Bakan Özer, konuşmasında Öğretmenlik Meslek Kanunu’na da değinerek, “Sadece bir başlangıçtır. Öğretmenlik Meslek Kanunu bu kadar mı diye sorgulamaya yol açabiliyor. Bu bir başlangıçtır. Her kanun ilk bir adımdır. Önemli olan kanunun olmasıdır” dedi.
19 Kasım’da yapılacak Öğretmenlik Kariyer Basamakları sınavı ile ilgili de Özer, “2023 yılında çok sayıda, uzman öğretmenimiz ve başöğretmenimizle eğitim sistemimiz çok daha güçlü bir şekilde yoluna devam edecek. Bizim derdimiz, öğretmenimizin sürekli yanında olmak, onun koşullarını iyileştirmek. Çok daha sağlıklı ortamlarda çalışmasını sağlamak.” dedi.
“EĞİTİM SİSTEMİNE YENİ DİJİTAL PLATFORM”
Yakın zamanda dijital bir platformun hayata geçeceğini belirten Bakan Özer şöyle devam etti:
“Orada, öğrenci ve öğretmenin eğitim süreçlerinde, özellikle öğrencilerin bireysel kazanımlarını değerlendirmeyle ilgili yeni bir mekanizmaya geçeceğiz. Şu andaki yardımcı kaynaklar, kazanımlarla ilişkisi ne olursa olsun, tüm öğrencilere aynı yardımcı kaynaklar gidiyor.

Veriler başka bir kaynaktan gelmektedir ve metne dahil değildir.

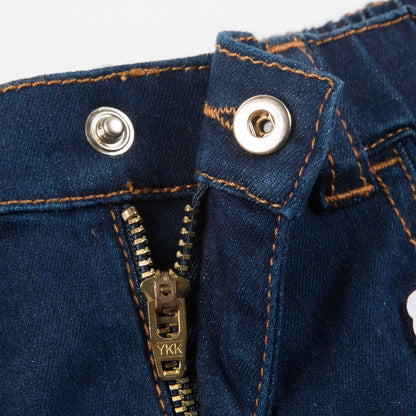 Baby Girls & Boys Dark Blue Cotton Shorts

Yeni geliştirdiğimiz sistemle, sistem bitti. İçeriğini zenginleştirme çalışmaları devam ediyor. Onun tamamlanmasını bekliyoruz. Öğrenci derslerden hangi seviyede olduğunu kendisi ölçecek, öğretmen de öğrencisinin o gelişimini elektronik ortamda sürekli izleyebilecek.”